Locci M, Nazzaro G, Merenda A, Pisaturo M L, Laviscio P, Poppiti R, Miranda M, Stile A, De Placido G
University of Naples Federico II, Naples, Italy.
J Obstet Gynaecol. 2006 Jul;26(5):396-401. doi: 10.1080/01443610600719883.

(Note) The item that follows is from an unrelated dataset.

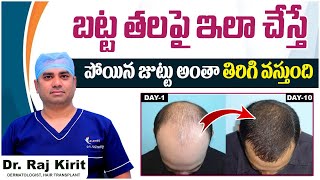 బట్ట తలపై ఊడిన జుట్టు తిరిగి రావాలంటే? | Get regrow hair on bald head and stop hair falling Celestee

Our objective was to compare the effectiveness and safety of atosiban and ritodrine, in pregnancies obtained by intracytoplasmic sperm injection (ICSI) undergoing cervical cerclage. Data from a prospective study were compared with those from a retrospective study. Sixteen ICSI pregnant women, 20-24 weeks' gestation and maternal age >18 years, received atosiban (bolus dose 6.75 mg i.v., followed by 300 microg/min i.v. for 3 h and 100 microg/min i.v. for 45 h). Cervical cerclage was performed 3 h after starting atosiban. The control group (group B) of 16 ICSI pregnant women were matched and received ritodrine hydrochloride (100-350 microg/min) for 48 h. Cervical cerclage was performed after 24 h. Pre-term rupture of membranes occurred within 48 h of cervical cerclage in one woman receiving atosiban and in four women receiving ritodrine. There was no significant difference in terms of pregnancies not delivered at 48 h (short-term tocolysis) and at 7 days (long-term tocolysis). However, there was a significantly higher incidence of maternal tachycardia with ritodrine compared with atosiban (p < 0.001). The mean gestational age at delivery was significantly higher for atosiban compared with ritodrine (36 vs 33 weeks; p < 0.001). The neonatal outcome was poorer for ritodrine than atosiban, as there were very low birth weight infants (p = 0.008), resulting in lower Apgar scores (p = 0.005) and there were more neonates requiring a long stay in the neonatal intensive care unit (p = 0.005). We conclude that atosiban is associated with a significantly lower incidence of maternal tachycardia and improved neonatal outcome compared with ritodrine.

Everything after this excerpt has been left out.